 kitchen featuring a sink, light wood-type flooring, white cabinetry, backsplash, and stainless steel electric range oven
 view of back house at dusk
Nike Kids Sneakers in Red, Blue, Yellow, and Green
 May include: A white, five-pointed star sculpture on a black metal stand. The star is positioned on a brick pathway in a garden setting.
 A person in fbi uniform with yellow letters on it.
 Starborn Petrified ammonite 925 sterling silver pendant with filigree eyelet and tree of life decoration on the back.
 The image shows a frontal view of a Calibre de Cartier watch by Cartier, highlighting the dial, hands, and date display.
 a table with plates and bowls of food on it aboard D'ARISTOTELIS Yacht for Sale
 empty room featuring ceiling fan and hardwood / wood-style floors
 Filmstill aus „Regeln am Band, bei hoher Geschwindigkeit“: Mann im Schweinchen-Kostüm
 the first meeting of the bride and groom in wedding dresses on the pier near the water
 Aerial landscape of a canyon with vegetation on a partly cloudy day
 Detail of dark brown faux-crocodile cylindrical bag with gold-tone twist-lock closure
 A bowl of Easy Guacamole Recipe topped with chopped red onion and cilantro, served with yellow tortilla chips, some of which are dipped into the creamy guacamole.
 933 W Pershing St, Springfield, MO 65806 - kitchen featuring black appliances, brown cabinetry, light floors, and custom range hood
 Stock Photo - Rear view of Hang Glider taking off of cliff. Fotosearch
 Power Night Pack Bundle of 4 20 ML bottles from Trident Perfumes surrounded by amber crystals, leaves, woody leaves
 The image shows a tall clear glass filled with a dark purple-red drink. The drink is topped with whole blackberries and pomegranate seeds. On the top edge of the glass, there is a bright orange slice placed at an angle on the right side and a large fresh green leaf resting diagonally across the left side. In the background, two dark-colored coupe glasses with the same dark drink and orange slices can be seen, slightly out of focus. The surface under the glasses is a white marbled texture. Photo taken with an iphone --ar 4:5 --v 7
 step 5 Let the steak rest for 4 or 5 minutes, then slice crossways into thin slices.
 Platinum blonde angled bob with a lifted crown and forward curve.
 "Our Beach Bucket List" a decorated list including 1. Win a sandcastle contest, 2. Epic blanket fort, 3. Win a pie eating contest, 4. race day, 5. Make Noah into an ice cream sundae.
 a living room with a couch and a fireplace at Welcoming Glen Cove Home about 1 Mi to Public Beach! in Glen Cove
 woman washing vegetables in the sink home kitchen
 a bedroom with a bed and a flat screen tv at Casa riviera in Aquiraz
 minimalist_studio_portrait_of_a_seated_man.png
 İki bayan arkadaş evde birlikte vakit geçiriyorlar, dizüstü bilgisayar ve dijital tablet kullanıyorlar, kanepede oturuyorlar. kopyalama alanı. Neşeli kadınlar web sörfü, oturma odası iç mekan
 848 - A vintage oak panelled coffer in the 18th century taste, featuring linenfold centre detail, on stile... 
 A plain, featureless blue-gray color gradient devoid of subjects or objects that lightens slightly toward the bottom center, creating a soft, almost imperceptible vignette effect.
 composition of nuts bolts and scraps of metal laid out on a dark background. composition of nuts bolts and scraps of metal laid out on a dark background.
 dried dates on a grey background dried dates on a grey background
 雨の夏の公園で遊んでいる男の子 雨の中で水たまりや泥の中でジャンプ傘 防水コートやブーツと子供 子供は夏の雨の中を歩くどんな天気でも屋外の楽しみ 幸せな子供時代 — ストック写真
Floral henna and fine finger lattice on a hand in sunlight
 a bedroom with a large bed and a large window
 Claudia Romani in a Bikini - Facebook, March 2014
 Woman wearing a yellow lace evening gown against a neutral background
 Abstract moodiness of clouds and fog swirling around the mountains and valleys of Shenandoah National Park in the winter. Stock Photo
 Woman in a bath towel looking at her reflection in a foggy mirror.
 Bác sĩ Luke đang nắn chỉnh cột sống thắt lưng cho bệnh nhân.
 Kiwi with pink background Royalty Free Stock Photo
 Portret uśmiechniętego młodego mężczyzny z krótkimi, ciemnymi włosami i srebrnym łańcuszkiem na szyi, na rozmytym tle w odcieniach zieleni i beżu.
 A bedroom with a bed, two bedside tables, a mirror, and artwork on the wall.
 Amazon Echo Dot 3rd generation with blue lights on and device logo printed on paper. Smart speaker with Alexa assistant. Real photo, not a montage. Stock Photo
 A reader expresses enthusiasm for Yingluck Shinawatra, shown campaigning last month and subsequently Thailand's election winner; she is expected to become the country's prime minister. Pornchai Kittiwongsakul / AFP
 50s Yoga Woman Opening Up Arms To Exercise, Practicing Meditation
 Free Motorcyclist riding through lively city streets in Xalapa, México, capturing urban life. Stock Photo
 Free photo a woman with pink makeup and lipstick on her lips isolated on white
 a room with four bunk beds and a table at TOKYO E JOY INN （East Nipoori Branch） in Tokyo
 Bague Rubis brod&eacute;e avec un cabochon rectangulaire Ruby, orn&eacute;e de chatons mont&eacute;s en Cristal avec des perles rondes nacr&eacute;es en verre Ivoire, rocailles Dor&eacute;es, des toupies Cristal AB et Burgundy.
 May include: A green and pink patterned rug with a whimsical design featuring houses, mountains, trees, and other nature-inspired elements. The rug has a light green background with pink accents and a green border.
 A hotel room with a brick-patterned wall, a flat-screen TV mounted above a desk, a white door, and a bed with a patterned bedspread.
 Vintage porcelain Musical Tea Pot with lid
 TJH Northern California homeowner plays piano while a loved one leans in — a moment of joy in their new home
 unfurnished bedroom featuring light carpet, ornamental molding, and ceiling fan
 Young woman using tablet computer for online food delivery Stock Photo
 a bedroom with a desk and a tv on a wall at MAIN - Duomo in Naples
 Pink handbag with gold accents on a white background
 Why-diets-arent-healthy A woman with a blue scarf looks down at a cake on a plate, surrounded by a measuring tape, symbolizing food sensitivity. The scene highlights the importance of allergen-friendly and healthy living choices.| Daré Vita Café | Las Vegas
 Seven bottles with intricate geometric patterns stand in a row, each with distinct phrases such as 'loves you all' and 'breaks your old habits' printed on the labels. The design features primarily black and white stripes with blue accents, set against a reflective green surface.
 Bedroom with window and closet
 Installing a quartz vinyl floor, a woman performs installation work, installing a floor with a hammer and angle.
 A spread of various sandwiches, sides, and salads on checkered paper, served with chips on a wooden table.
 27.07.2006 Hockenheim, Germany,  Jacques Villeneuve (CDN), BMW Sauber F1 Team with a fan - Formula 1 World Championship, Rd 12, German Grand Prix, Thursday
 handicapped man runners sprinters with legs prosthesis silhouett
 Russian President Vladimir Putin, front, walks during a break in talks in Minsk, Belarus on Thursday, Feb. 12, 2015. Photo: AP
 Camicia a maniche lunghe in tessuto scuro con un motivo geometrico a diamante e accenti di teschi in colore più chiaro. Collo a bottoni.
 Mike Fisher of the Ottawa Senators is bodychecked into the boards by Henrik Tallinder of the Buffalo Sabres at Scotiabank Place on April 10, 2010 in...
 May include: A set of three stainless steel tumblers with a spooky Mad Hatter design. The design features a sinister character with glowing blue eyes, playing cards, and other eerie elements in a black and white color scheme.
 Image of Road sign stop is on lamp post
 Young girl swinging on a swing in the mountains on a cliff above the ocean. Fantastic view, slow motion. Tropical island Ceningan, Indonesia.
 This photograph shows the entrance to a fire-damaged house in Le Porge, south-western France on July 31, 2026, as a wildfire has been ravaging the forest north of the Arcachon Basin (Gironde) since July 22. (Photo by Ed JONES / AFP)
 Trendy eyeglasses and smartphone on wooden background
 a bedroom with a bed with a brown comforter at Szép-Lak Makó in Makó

» **Task brief**
Begin at the line above that has "Stock Photo - Rear" and stop after the line that has "Platinum blonde angled", copying each line exactly and adding nothing else.

» **Result of the task**
 Stock Photo - Rear view of Hang Glider taking off of cliff. Fotosearch
 Power Night Pack Bundle of 4 20 ML bottles from Trident Perfumes surrounded by amber crystals, leaves, woody leaves
 The image shows a tall clear glass filled with a dark purple-red drink. The drink is topped with whole blackberries and pomegranate seeds. On the top edge of the glass, there is a bright orange slice placed at an angle on the right side and a large fresh green leaf resting diagonally across the left side. In the background, two dark-colored coupe glasses with the same dark drink and orange slices can be seen, slightly out of focus. The surface under the glasses is a white marbled texture. Photo taken with an iphone --ar 4:5 --v 7
 step 5 Let the steak rest for 4 or 5 minutes, then slice crossways into thin slices.
 Platinum blonde angled bob with a lifted crown and forward curve.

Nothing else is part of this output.